Results of Operations

    Net income for 2000 was $60.9 million compared with $79.6 million for 1999 and $89.4 million for 1998. Net income for 2000 was $18.7 million lower than 1999 primarily due to lower pipeline utilization and increased operating costs. The decline in utilization is a result of low crude oil prices in late 1998 and early 1999, which caused crude oil producers to limit their investment in oil producing facilities. Coupled with natural declines of crude oil reserves, reduced investment by oil producers has adversely affected short-term Partnership results due to lower volumes of crude oil being available for transport. The Partnership expects this situation to improve in 2001 and beyond. See —"Future Prospects".

    Net income for 1999 was $9.8 million lower than 1998 primarily due to additional costs associated with expansions in that year and lower deliveries on the system.

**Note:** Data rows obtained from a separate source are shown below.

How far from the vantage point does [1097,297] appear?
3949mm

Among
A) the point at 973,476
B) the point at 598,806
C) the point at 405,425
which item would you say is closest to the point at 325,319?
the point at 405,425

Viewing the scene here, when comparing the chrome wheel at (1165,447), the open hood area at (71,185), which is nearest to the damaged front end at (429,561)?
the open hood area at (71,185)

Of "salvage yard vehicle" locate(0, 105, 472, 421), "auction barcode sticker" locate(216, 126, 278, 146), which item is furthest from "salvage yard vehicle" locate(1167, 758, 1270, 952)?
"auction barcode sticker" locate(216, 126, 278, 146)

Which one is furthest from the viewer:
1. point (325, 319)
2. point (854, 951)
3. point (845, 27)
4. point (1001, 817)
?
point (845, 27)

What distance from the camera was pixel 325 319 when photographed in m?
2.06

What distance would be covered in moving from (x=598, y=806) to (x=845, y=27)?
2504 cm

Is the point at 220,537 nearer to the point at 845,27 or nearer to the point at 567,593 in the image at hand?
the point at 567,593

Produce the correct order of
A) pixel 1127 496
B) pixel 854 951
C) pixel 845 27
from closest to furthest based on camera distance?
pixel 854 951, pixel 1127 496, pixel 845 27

    Operating revenue for 2000 was $305.6 million, or $7.0 million less than 1999. The decrease was primarily due to the decline in deliveries. Deliveries averaged 1.338 million barrels per day in 2000, compared to 1.369 million barrels per day in 1999. The decline occurred because the supply of crude oil had not recovered to anticipated levels, further exacerbated by the effects of crude oil producer maintenance shutdowns and wetter than normal weather in western Canada, which delayed oil well tie-ins and other development activities. System utilization, measured in barrel miles, was 341 billion for 2000, compared to 350 billion for 1999, reflecting the decline in deliveries.

17


    Operating revenue for 1999 was $312.6 million, or $24.9 million greater than 1998. The increase was primarily due to higher tariffs implemented for the SEP II and Terrace expansions. The increase in operating revenue from the impact of the tariffs was partially offset by the decrease in deliveries and by a tariff reduction of 1.83% on July 1, 1999, as required under the FERC's indexing methodology.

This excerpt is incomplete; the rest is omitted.